Zainab Al-Suwaij fled Iraq in 1991, at age twenty. After a childhood witnessing critics of Saddam Hussein disappear, she became one of the only women to actively oppose the regime, and was shot when she fired at a soldier to protect a neighbor being threatened at gunpoint.
"I said if I can't be free and live like a normal human being, then I don't want to live."
Raised in Basra, where her grandfather was an influential Shia imam, she rejected his advice to avoid politics. "I was a troublemaker," she recalls. "In the fourth grade my teacher made the comment that Hitler was a great man because he put the Jews in a room and he burned them.
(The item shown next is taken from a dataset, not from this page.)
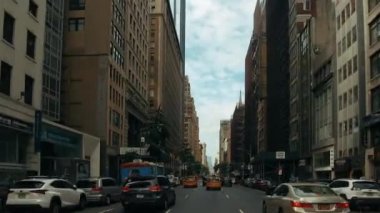 Manhattan New York şehir merkezinde beşinci cadde ve Flatiron Binası hiperlapse görünümü sürüş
I asked, ‘How can he be a great man if he does such a horrible thing?' She asked me to shut up."
After fleeing Iraq, Al-Suwaij eventually traveled to the United States and settled in Houston, where she met her husband, started a family, and attempted to live a normal life. She was teaching Arabic at Yale on 9/11, when her life again changed.
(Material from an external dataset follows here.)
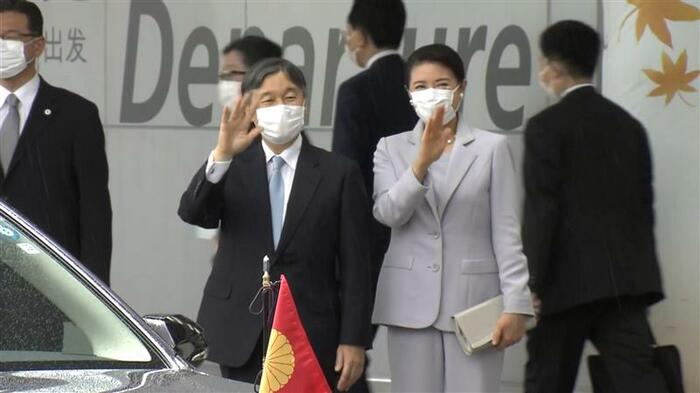 岩手県に到着した天皇皇后両陛下(3日午前、花巻空港)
"I felt that the terror I left behind in Iraq was following me here and threatening my family, my people, and my country. I had to do something."
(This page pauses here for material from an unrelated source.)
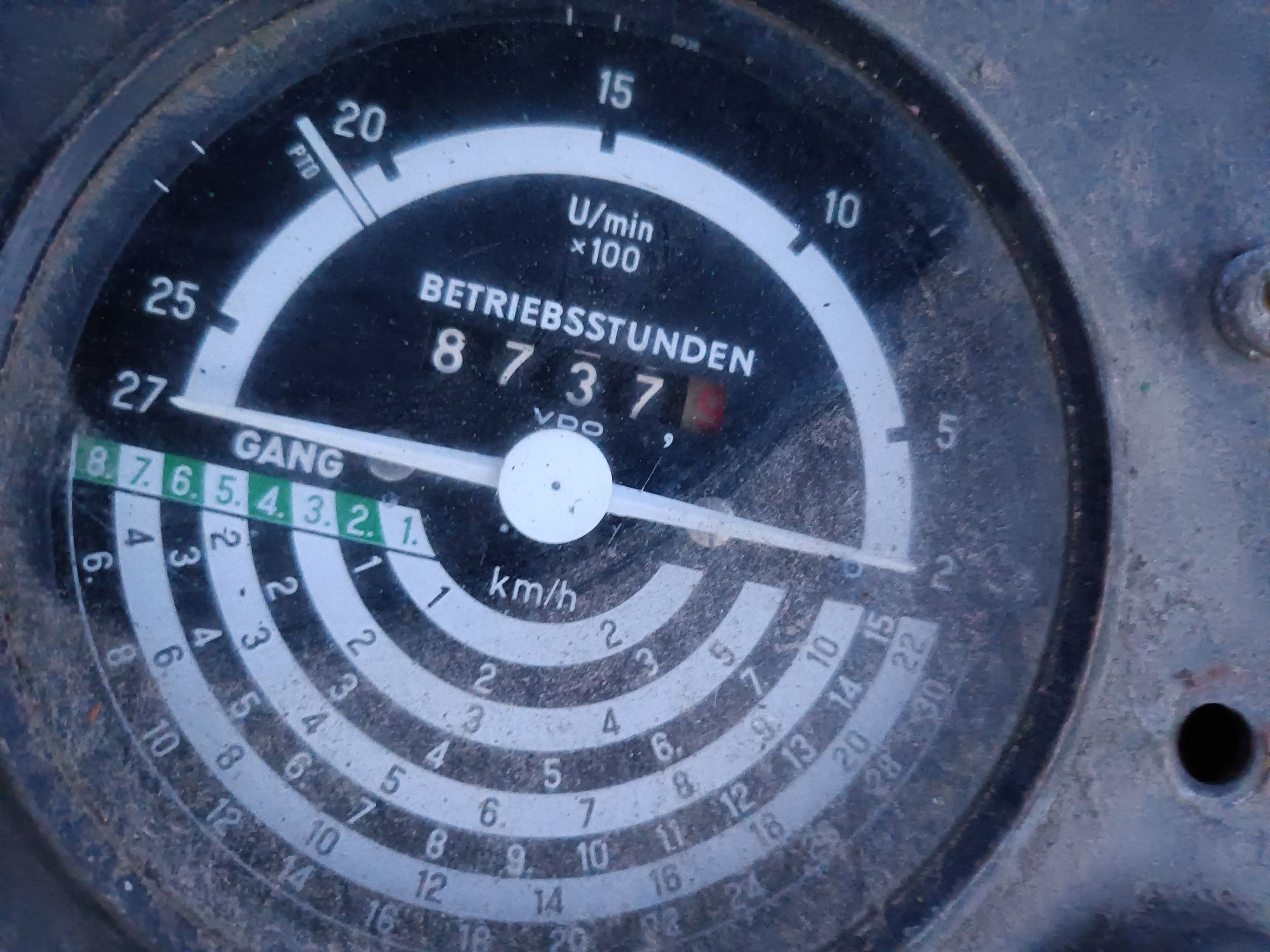 John Deere 2130, 1 półbiegi, 75 Km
Al-Suwaij founded the American Islamic Congress, in Washington, D.C., and returned to Iraq for extended visits to work on women's issues, the reform of the Iraqi education system, and the refurbishment of schools.
"I wanted to have an organization established by American Muslims that would become the progressive and moderate voice for building tolerance and respect for human rights and social justice both here and everywhere else."